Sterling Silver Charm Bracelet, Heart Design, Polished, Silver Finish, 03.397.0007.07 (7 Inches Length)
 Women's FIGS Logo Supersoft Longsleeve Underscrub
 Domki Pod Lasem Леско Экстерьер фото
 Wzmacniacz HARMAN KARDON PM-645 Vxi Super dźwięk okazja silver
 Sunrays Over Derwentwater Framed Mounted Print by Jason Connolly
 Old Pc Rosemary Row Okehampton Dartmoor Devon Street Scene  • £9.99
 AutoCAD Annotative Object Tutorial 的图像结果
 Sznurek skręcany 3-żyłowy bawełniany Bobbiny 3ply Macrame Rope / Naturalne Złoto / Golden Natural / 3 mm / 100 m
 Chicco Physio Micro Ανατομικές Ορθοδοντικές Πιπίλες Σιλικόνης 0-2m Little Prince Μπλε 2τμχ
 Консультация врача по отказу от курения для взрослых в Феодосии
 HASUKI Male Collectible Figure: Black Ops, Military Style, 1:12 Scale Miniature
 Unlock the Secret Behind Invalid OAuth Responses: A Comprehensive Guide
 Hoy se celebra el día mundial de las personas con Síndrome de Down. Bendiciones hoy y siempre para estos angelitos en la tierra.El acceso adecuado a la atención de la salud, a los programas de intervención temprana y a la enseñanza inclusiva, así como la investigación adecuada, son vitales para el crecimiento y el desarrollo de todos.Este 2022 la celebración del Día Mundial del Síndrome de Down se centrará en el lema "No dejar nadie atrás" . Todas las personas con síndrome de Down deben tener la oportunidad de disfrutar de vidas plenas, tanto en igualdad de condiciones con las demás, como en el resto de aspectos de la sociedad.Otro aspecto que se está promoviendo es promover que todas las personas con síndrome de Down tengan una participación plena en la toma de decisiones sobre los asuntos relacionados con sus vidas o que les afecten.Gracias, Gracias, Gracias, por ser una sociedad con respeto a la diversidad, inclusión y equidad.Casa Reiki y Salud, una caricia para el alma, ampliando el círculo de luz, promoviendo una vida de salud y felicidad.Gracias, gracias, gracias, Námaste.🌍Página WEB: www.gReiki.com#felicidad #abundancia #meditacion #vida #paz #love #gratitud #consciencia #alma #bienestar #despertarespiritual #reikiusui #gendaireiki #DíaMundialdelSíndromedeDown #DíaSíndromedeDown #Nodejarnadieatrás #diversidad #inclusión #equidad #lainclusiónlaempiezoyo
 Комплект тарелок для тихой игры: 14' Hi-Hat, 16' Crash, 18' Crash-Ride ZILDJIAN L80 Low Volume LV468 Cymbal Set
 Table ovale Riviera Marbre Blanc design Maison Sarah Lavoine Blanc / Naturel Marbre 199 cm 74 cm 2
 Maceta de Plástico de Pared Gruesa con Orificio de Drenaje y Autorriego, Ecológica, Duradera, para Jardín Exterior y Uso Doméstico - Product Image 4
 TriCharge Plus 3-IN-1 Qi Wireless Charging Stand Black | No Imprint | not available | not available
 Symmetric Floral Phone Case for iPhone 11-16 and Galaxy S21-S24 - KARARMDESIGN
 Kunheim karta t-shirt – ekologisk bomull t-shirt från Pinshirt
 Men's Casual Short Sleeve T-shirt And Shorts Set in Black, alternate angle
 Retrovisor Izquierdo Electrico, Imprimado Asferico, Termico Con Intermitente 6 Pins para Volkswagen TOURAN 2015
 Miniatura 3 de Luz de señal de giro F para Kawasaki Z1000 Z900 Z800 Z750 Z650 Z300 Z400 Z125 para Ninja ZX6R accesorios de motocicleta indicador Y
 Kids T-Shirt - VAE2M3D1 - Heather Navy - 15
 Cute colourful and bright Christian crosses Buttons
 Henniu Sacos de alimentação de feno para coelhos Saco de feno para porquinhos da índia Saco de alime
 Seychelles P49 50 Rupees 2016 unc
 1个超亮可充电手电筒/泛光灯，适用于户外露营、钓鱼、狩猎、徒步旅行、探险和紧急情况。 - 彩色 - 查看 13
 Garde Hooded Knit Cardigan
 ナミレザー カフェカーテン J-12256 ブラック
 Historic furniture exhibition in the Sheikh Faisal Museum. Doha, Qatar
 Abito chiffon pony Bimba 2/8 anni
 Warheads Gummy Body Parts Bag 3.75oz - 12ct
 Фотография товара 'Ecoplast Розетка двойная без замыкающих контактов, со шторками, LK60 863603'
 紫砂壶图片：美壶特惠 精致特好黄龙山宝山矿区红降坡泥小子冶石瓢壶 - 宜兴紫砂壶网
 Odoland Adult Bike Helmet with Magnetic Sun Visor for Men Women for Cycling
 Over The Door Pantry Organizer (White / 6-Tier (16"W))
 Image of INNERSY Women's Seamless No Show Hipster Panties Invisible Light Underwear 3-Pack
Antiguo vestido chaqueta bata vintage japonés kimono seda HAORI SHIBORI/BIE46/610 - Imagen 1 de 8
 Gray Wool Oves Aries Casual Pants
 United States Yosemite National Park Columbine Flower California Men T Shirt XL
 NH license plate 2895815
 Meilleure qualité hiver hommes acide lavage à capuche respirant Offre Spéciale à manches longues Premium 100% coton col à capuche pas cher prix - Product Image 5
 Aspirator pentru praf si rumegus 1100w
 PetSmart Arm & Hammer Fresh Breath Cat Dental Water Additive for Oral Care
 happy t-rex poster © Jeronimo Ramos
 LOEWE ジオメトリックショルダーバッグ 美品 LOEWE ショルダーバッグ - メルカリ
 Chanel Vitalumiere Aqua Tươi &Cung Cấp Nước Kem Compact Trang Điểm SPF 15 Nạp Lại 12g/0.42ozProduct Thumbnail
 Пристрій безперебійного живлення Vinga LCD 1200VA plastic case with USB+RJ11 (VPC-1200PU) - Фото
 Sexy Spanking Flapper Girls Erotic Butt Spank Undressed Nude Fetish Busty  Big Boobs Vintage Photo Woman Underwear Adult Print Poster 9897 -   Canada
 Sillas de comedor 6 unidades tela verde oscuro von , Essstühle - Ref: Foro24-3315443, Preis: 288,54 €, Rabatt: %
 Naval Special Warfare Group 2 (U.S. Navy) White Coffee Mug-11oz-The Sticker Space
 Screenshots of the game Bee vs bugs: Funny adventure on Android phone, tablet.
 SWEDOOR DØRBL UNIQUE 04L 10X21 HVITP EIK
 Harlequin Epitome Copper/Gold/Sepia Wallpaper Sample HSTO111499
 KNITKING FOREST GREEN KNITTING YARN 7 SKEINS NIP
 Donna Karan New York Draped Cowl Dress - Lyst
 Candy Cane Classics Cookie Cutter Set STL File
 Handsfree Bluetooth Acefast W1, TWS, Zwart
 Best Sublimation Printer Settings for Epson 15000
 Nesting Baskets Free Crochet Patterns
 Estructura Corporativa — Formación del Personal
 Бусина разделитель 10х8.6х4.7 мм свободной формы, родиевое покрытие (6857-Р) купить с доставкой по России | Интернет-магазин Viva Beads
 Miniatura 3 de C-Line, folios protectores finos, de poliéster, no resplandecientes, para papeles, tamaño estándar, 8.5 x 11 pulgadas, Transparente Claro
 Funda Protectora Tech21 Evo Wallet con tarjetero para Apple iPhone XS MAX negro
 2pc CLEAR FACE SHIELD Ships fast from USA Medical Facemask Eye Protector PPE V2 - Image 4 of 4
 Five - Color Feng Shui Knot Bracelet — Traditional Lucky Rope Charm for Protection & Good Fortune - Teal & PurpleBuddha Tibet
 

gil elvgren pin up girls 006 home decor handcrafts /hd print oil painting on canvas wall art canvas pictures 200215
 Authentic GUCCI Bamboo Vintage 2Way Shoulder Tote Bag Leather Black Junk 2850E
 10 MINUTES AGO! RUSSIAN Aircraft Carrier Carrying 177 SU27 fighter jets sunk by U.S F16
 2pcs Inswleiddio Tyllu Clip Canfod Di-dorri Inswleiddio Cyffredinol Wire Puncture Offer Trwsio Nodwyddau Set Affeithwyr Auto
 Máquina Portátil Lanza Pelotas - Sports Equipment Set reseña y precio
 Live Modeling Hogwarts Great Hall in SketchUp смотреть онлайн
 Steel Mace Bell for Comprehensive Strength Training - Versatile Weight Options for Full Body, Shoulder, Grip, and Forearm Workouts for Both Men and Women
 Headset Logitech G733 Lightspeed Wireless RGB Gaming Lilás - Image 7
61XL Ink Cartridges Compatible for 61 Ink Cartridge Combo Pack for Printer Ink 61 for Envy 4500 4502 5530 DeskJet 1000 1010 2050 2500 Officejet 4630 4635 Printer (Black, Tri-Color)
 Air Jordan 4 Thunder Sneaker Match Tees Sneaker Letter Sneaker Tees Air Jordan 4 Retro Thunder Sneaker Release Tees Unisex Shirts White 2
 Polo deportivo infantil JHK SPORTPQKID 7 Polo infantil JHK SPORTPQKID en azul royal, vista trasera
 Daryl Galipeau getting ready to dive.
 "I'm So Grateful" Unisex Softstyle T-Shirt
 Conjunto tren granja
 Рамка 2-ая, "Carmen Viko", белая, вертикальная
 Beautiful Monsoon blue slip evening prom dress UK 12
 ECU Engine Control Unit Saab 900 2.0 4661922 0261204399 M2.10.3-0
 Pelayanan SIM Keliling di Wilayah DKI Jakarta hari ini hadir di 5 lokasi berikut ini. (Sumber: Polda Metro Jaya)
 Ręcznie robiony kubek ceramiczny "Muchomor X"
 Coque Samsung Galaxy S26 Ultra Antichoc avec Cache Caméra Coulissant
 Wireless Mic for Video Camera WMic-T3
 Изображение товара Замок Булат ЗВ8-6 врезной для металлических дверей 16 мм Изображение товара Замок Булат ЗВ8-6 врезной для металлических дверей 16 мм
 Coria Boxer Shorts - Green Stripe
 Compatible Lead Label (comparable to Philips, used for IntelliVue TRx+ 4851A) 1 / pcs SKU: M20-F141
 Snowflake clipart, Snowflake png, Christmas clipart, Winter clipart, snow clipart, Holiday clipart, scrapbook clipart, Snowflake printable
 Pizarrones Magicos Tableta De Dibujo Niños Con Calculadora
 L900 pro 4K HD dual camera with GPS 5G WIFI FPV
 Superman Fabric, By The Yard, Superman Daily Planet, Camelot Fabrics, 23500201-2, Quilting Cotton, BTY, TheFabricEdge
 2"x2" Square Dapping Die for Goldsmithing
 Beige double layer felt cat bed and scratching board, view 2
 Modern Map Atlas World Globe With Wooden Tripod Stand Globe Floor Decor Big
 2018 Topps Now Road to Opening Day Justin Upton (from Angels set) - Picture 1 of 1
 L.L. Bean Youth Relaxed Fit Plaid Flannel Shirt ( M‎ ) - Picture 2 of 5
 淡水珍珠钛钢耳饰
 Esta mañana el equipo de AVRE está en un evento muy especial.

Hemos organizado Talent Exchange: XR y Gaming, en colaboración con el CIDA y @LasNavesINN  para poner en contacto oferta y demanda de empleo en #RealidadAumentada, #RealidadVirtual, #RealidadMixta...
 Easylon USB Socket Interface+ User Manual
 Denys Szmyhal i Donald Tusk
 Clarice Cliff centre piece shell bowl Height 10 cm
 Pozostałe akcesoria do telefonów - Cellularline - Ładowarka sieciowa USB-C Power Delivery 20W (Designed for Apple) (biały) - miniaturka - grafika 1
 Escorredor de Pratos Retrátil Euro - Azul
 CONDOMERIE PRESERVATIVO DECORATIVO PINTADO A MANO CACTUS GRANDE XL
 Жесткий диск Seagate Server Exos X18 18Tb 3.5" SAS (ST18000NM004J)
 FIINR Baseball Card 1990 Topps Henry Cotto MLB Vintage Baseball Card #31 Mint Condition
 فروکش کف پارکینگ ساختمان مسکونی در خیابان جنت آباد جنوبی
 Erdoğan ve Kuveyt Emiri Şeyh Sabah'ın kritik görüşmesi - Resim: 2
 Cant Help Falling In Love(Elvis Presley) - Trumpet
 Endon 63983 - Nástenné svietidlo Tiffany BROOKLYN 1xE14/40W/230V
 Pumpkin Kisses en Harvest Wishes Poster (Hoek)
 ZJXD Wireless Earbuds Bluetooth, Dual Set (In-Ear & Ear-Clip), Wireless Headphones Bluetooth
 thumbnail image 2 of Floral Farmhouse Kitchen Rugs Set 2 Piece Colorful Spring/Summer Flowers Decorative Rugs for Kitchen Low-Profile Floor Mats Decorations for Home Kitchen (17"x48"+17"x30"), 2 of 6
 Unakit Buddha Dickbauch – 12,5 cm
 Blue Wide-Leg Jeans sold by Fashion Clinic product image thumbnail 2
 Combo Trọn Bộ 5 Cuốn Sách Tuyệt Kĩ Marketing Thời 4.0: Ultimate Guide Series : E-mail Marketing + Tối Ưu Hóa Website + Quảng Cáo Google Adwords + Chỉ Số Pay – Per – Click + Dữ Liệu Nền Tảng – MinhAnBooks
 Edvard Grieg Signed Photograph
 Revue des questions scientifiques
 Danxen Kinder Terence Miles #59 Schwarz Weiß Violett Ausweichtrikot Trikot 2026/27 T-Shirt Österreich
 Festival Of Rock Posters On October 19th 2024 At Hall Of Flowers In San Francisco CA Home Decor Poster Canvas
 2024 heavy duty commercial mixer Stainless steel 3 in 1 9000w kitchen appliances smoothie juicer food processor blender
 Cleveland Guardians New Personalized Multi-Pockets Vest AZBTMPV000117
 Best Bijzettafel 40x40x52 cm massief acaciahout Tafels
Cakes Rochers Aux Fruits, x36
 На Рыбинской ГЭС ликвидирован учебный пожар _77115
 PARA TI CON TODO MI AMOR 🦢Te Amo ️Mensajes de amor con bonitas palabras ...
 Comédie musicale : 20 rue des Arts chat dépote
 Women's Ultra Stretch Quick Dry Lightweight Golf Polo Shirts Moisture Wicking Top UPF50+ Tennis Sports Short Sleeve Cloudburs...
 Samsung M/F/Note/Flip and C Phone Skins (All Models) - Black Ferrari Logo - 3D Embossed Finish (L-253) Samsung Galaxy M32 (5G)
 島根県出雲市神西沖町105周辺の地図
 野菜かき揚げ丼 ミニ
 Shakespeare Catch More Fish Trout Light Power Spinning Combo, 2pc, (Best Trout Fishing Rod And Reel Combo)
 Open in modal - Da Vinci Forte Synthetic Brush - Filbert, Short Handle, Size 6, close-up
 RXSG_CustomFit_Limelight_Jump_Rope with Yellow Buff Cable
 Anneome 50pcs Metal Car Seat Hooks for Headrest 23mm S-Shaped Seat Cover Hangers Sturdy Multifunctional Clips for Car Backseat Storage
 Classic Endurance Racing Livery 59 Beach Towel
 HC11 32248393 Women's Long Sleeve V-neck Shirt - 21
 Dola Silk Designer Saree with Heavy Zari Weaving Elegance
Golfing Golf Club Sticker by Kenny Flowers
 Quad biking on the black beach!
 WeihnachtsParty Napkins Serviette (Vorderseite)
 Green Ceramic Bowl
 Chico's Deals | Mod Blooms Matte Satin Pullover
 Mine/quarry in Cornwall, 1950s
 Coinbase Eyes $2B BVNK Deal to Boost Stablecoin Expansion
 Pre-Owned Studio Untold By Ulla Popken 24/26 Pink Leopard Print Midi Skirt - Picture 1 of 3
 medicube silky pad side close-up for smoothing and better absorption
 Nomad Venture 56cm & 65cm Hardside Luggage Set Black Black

════════════════

Problem details: Reproduce every line in the data that has the word "Golf" in it.

Output of the exercise:
 Women's Ultra Stretch Quick Dry Lightweight Golf Polo Shirts Moisture Wicking Top UPF50+ Tennis Sports Short Sleeve Cloudburs...
Golfing Golf Club Sticker by Kenny Flowers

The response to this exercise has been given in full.